Que faire de cette sensibilité et de cette conscience inquiète ? Pendant 15 ans, c’est plutôt un poids qu’autre chose, un nuage noir au-dessus de ma tête que j’oublie du mieux que je peux dans mes actions quotidiennes. Je savoure les longues soirées d’été en pensant que ce sont peut-être les dernières… Pratiquant l’autodérision pour ne pas me faire trop remarquer, j’essaie de convaincre et sensibiliser mes collègues et mon entourage à la question climatique et à l’épuisement des ressources. Au début des années 2000, le sujet est mineur, et controversé. Les qualités de logique et de rigueur qui m’ont conduite à faire des études d’ingénieur, sans aucune vocation, sont les mêmes qui m’ont fait reconnaître dans les courbes et les chiffres, brillamment exposés par Jancovici, entre autres, une évidence irréfutable. Ces mêmes études d’ingénieur ont eu pour résultat de me rendre sceptique quant à la validité des modèles scientifiques pour décrire le vivant, ou en tous cas d’en saisir leurs limites. Comprendre que les modèles sont par définition approximatifs au regard de la complexité infinie de la nature, c’était sans doute la manifestation d’une intuition écologique qui s’ignorait à l’époque. En tous cas cette conscience écologique, si elle ne se traduit pas par des engagements politiques – j’ai vu de près les verts du microcosme parisien qui ont parfaitement refroidi l’idée que je pouvais avoir de m’engager – a une conséquence très concrète sur ma vie privée : alors que mes amis ingénieurs ont déjà 2 voire 3 enfants, je me réfugie dans l’idée de ne pas en avoir, accablée par la responsabilité de leur laisser un monde délabré et des lendemains qui déchantent. J’ai cependant assez de sens social pour ne pas balancer tout à trac à mes amis que faire un troisième enfant me semble irresponsable au regard de l’état de la planète.

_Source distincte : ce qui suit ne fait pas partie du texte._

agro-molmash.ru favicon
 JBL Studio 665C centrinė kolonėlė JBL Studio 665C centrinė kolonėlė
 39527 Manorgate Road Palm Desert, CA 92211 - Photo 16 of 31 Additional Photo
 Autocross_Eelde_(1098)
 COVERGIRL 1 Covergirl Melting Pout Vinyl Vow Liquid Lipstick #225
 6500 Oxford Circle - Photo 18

Et puis, la question environnementale progresse dans les médias, à mesure que les tous les signaux environnementaux virent au rouge. Il devient difficile d’ignorer la question. Mon boulot d’aménageur, qui construit des infrastructures et vend des terrains à des promoteurs ou des bailleurs sociaux, devient lourd à porter. Certes j’ai choisi de travailler sur des projets exemplaires sur le plan écologique. Mais plus les mauvaises nouvelles environnementales s’accumulent, plus je suis convaincue que l’ampleur des changements à apporter est énorme, et que continuer le « business as usual », mâtiné de cosmétique verte, est totalement dérisoire.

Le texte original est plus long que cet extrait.